Steve Coleman, 67, has trouble walking and spends most of the day sitting down. After 43 years locked up for murder, he was granted parole in April 2023 and has remained incarcerated, as the state looks for a nursing home that could coordinate with a kidney dialysis center three times each week.
But Mr. Coleman has not had dialysis treatment since March, when the state ended a contract with its provider. The prison has offered to take Mr. Coleman to a nearby clinic for treatment, but he has declined because he finds the transportation protocol — which involves a strip search and shackles — painful and invasive.
“They say you’ve got to go through a strip search,” he said in a recent interview. “If I’m being paroled, I can’t walk and I’m going to a hospital, who could I be hurting?”
Volunteers at the nonprofit Parole Prep Project, which assisted Mr. Coleman with his parole application, obtained a letter from Mount Sinai Hospital in New York City in June offering to give him medical care and help him transition back into the community.
Still incarcerated two months later, Mr. Coleman sued for his release.
In court filings, the state argued that it would be “unsafe and irresponsible” to release Mr. Coleman without plans to meet his medical needs. The state also said that it had contacted Mount Sinai, as well as hundreds of nursing homes, about Mr. Coleman’s placement and had never heard back.
In October, a court ruled in the prison system’s favor. Describing Mr. Coleman’s situation as “very sad and frustrating,” Justice Debra Givens of New York State Supreme Court concluded that the state had a rational reason to hold Mr. Coleman past his parole date. Ms. Rayner, Mr. Coleman’s lawyer, and the New York Civil Liberties Union appealed the ruling on Wednesday.

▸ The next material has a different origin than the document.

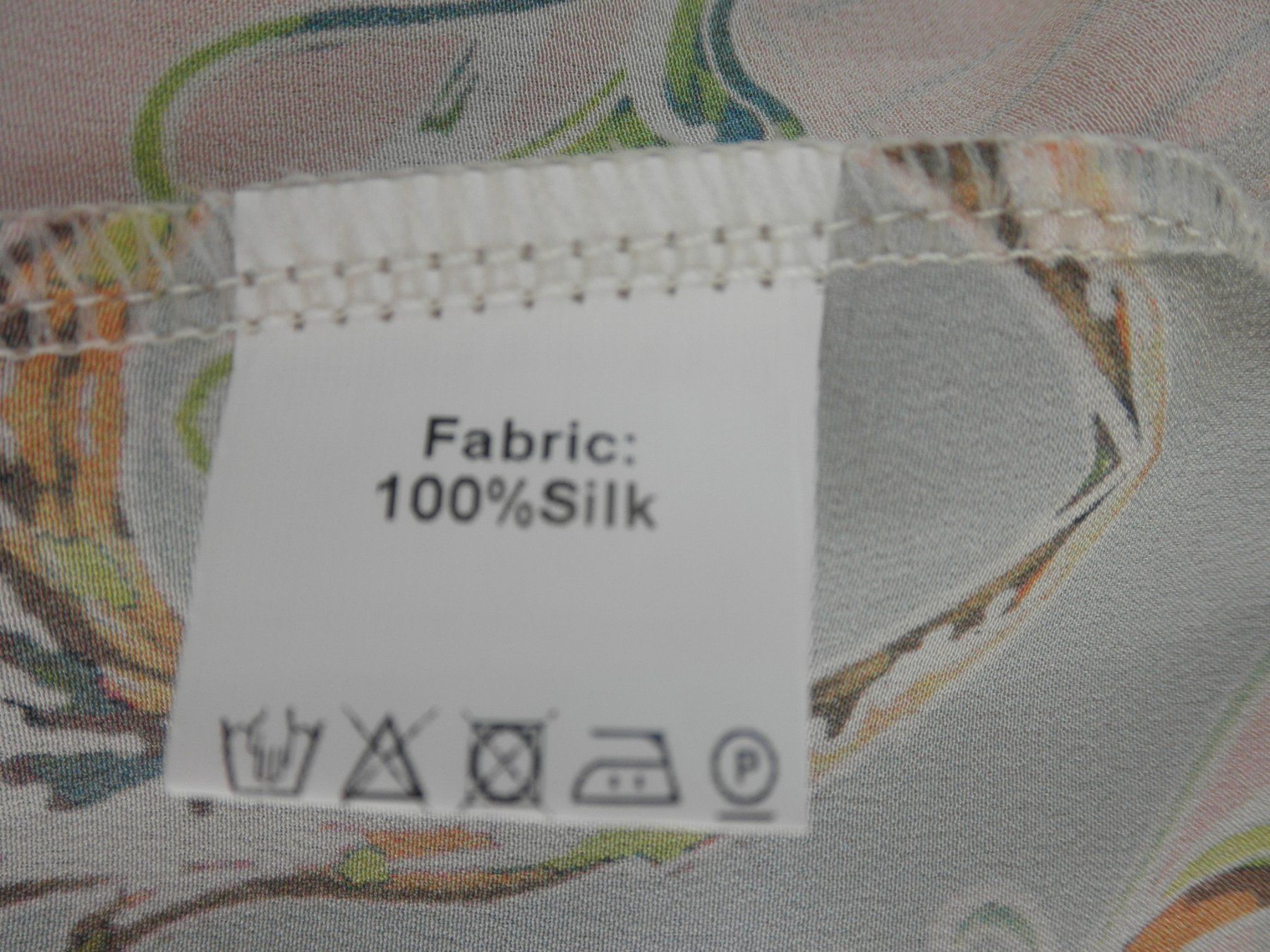 Kleider: Seidenkleid  joyce & Co Wollerau – Neu und originalverpackt aus Buttwil von Engelhaar 6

Fourteen medical ethicists have sent a letter to the prison supporting Mr. Coleman’s release. “Forcing continued incarceration under the guise of ‘best interests,’ even if doing so is well-intentioned, disregards his autonomy,” they wrote.
Several other states have come up with a different solution for people on medical parole: soliciting the business of nursing homes that specialize in housing patients rejected elsewhere.
A private company called iCare in 2013 opened the first such facility in Connecticut, which now houses 95 residents. The company runs similar nursing homes in Vermont and Massachusetts.
David Skoczulek, iCare’s vice president of business development, said that these facilities tend to save states money because the federal government covers some of the costs through Medicaid.
“It’s more humane, less restrictive and cost-effective,” he said. “There is no reason for these people to remain in a corrections environment.”